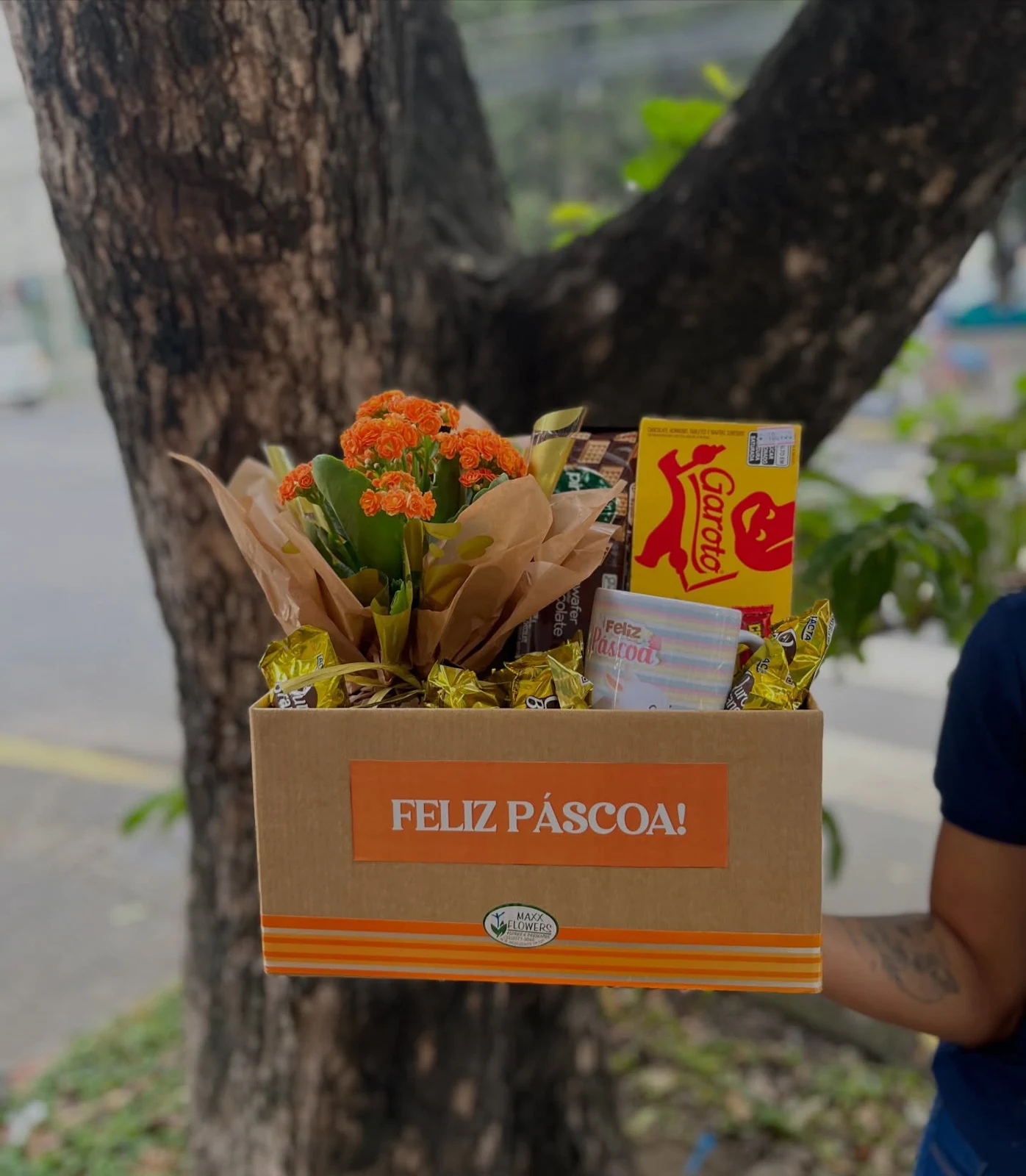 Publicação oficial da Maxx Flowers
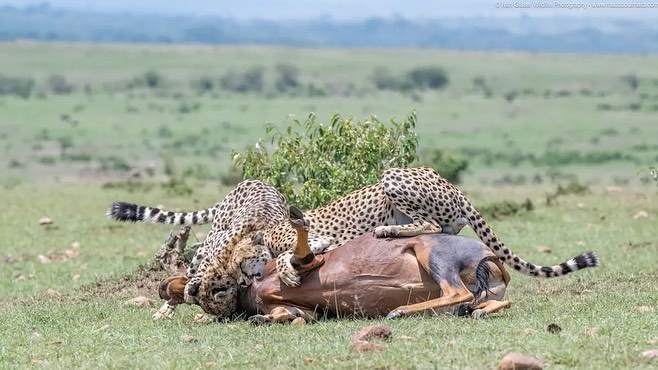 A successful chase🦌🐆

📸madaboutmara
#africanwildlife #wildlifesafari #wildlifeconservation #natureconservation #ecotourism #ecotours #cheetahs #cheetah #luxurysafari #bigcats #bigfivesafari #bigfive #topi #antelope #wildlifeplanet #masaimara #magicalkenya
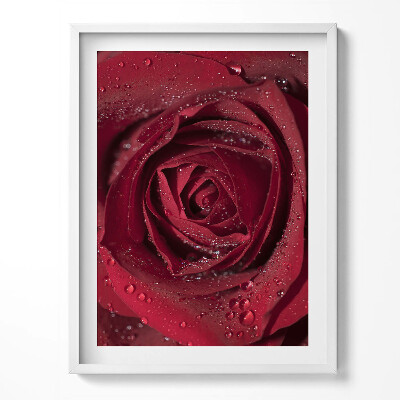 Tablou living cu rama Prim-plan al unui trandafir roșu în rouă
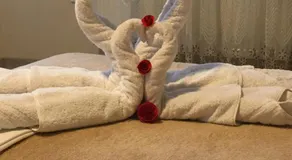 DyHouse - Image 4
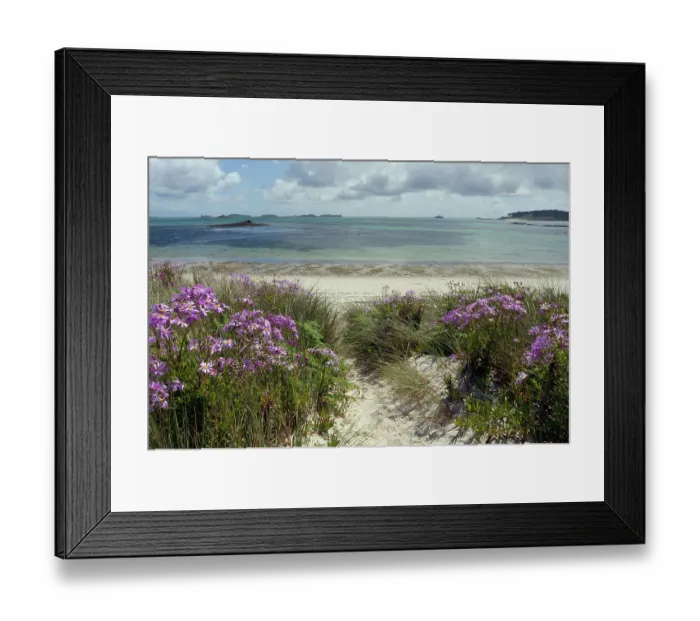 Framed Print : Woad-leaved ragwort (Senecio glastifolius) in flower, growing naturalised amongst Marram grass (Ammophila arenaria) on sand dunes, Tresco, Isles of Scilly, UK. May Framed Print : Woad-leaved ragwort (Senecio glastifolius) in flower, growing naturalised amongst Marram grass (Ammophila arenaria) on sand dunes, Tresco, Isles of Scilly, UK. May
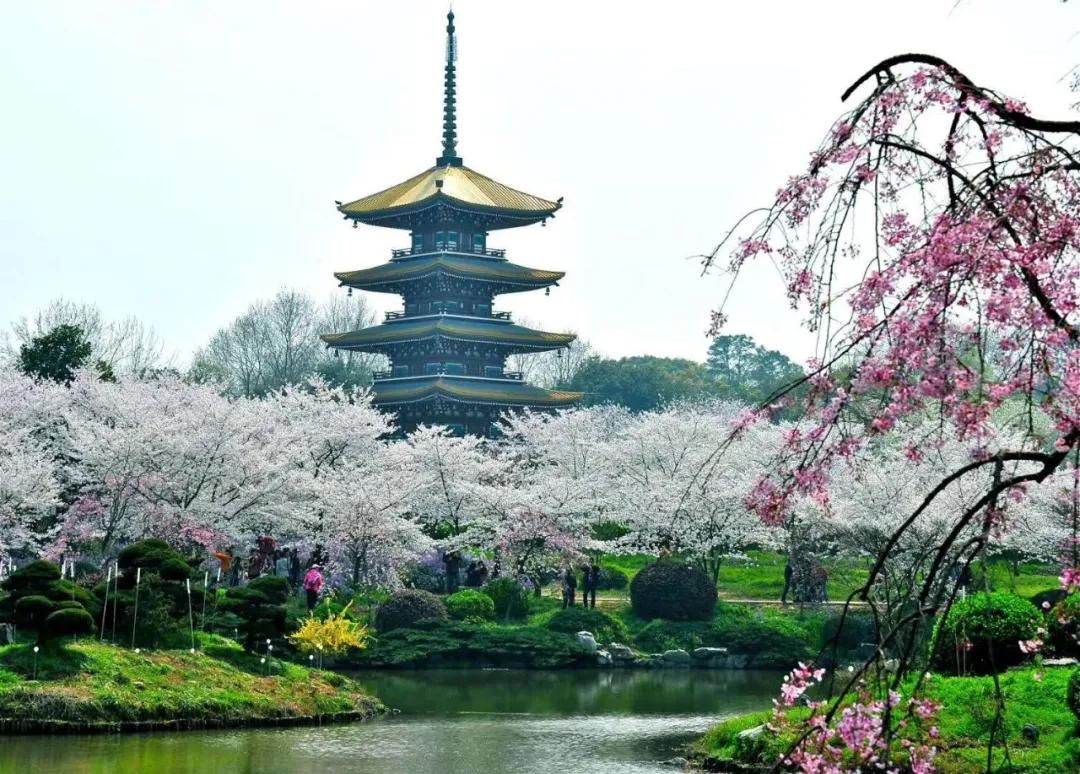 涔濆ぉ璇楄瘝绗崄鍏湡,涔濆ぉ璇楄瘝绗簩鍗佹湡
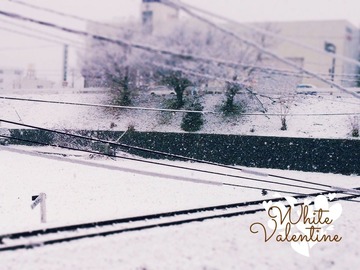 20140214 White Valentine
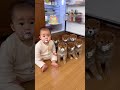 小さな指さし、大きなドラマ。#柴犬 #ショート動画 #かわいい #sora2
+--
Goal of the exercise =
Repeat the data above exactly, images excluded.

Exercise result =
 Publicação oficial da Maxx Flowers
 A successful chase🦌🐆

📸madaboutmara
#africanwildlife #wildlifesafari #wildlifeconservation #natureconservation #ecotourism #ecotours #cheetahs #cheetah #luxurysafari #bigcats #bigfivesafari #bigfive #topi #antelope #wildlifeplanet #masaimara #magicalkenya
 Tablou living cu rama Prim-plan al unui trandafir roșu în rouă
 DyHouse - Image 4
 Framed Print : Woad-leaved ragwort (Senecio glastifolius) in flower, growing naturalised amongst Marram grass (Ammophila arenaria) on sand dunes, Tresco, Isles of Scilly, UK. May Framed Print : Woad-leaved ragwort (Senecio glastifolius) in flower, growing naturalised amongst Marram grass (Ammophila arenaria) on sand dunes, Tresco, Isles of Scilly, UK. May
 涔濆ぉ璇楄瘝绗崄鍏湡,涔濆ぉ璇楄瘝绗簩鍗佹湡
 20140214 White Valentine
 小さな指さし、大きなドラマ。#柴犬 #ショート動画 #かわいい #sora2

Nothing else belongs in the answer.